(DATA UNDER STUDY)

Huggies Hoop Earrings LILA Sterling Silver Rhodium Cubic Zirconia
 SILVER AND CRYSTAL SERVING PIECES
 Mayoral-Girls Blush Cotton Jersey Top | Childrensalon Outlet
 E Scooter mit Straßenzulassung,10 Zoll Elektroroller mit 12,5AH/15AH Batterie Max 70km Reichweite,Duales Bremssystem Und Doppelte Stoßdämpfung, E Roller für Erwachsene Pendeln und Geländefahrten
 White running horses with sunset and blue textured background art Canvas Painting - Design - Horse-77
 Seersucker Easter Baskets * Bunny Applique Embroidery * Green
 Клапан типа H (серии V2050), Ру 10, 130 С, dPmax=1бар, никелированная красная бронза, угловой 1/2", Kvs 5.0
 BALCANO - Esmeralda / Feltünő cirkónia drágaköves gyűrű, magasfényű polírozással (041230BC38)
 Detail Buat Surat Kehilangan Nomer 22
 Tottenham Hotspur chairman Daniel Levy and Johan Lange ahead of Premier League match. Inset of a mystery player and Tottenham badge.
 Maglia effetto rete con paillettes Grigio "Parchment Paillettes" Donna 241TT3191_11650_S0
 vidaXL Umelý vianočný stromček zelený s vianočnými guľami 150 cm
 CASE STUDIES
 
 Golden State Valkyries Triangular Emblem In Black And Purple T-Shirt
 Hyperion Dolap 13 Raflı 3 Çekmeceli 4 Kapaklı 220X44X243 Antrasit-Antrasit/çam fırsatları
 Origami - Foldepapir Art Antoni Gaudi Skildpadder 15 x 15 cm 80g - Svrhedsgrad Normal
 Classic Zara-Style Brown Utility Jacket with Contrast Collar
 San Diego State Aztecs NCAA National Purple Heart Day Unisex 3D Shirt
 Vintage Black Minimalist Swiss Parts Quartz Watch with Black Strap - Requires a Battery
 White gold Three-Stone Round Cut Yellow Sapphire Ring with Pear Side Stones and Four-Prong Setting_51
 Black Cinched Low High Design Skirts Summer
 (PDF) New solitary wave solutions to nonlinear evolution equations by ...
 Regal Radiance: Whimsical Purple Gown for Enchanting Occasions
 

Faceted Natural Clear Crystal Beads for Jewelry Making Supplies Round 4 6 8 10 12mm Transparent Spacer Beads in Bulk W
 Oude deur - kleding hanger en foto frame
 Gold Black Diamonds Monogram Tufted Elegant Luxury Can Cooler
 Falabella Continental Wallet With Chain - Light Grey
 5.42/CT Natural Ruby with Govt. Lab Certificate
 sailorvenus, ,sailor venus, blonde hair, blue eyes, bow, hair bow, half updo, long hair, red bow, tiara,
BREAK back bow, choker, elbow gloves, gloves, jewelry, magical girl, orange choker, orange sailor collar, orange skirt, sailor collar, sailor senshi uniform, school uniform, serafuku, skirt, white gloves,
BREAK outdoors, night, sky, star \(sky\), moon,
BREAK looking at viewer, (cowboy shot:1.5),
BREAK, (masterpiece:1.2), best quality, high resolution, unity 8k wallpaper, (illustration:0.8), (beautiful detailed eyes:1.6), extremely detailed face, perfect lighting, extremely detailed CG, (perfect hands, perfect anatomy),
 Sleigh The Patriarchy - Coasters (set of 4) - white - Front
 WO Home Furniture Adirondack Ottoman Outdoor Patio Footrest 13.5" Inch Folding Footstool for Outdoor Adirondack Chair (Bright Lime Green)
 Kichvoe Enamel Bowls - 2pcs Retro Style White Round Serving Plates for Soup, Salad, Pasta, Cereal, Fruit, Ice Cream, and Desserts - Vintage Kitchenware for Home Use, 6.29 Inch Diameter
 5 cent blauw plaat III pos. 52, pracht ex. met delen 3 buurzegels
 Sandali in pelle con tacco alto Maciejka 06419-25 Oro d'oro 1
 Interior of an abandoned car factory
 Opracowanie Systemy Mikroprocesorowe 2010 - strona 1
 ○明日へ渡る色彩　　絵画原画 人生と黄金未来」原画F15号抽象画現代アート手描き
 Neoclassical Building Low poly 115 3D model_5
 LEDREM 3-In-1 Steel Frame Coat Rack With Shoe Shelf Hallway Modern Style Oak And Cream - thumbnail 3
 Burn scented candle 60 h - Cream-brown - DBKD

(End DATA UNDER STUDY)

▶ _WHAT IS NEEDED_
Copy the lines of the data above exactly as written, beginning with the line containing "White running horses" and ending with the line containing "sailorvenus, ,sailor venus, blonde", and leave out all other lines.

▶ _OUTPUT FOR THIS EXERCISE_
 White running horses with sunset and blue textured background art Canvas Painting - Design - Horse-77
 Seersucker Easter Baskets * Bunny Applique Embroidery * Green
 Клапан типа H (серии V2050), Ру 10, 130 С, dPmax=1бар, никелированная красная бронза, угловой 1/2", Kvs 5.0
 BALCANO - Esmeralda / Feltünő cirkónia drágaköves gyűrű, magasfényű polírozással (041230BC38)
 Detail Buat Surat Kehilangan Nomer 22
 Tottenham Hotspur chairman Daniel Levy and Johan Lange ahead of Premier League match. Inset of a mystery player and Tottenham badge.
 Maglia effetto rete con paillettes Grigio "Parchment Paillettes" Donna 241TT3191_11650_S0
 vidaXL Umelý vianočný stromček zelený s vianočnými guľami 150 cm
 CASE STUDIES
 
 Golden State Valkyries Triangular Emblem In Black And Purple T-Shirt
 Hyperion Dolap 13 Raflı 3 Çekmeceli 4 Kapaklı 220X44X243 Antrasit-Antrasit/çam fırsatları
 Origami - Foldepapir Art Antoni Gaudi Skildpadder 15 x 15 cm 80g - Svrhedsgrad Normal
 Classic Zara-Style Brown Utility Jacket with Contrast Collar
 San Diego State Aztecs NCAA National Purple Heart Day Unisex 3D Shirt
 Vintage Black Minimalist Swiss Parts Quartz Watch with Black Strap - Requires a Battery
 White gold Three-Stone Round Cut Yellow Sapphire Ring with Pear Side Stones and Four-Prong Setting_51
 Black Cinched Low High Design Skirts Summer
 (PDF) New solitary wave solutions to nonlinear evolution equations by ...
 Regal Radiance: Whimsical Purple Gown for Enchanting Occasions
 

Faceted Natural Clear Crystal Beads for Jewelry Making Supplies Round 4 6 8 10 12mm Transparent Spacer Beads in Bulk W
 Oude deur - kleding hanger en foto frame
 Gold Black Diamonds Monogram Tufted Elegant Luxury Can Cooler
 Falabella Continental Wallet With Chain - Light Grey
 5.42/CT Natural Ruby with Govt. Lab Certificate
 sailorvenus, ,sailor venus, blonde hair, blue eyes, bow, hair bow, half updo, long hair, red bow, tiara,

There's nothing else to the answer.